# Anyone know remote code for Bose Cinemate? (to use w/ HR20)



## jsherm007 (Jun 23, 2006)

I searched the forum, saw a few old posts, but no answers. Have any of you with the system found the code? I sent DTV an email today, the CSR on the phone was not helpful unfortunately. Searched DTV's help, no luck. 

Thanks!


----------



## jsherm007 (Jun 23, 2006)

31229 - got it to work!


----------



## MCPCAP (Mar 8, 2008)

Attempted the 31229 code for my HR20-700, however, the BOSE remote does not recognize number inputs other than 0, 1 and 2. Am I missing something here?

Thanks.


----------



## emcole (Feb 26, 2007)

I just purchased the Bose Cinemate and needed the codes to operate my HR20-700 . Below is the response from Bose Tech Support. It owrks for me.

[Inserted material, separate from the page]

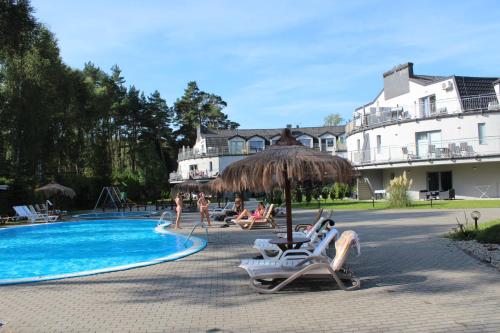波别罗沃Sunny Adventure Baltic Apartament的一个带椅子和遮阳伞的游泳池的度假酒店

Thank you for your inquiry. For HR-20-700 (Satellite Box with DVR) - Try device code 01377 from CBL-SAT brand "DirectTV". Pressing ch+ or ch- in rapid succession may cause the box to shut off however. RF control must be turned off for IR codes to work. See the owner's guide for more information 

Thank you for contacting Bose Corporation.
Richard Card
Product and Technical Support Team


----------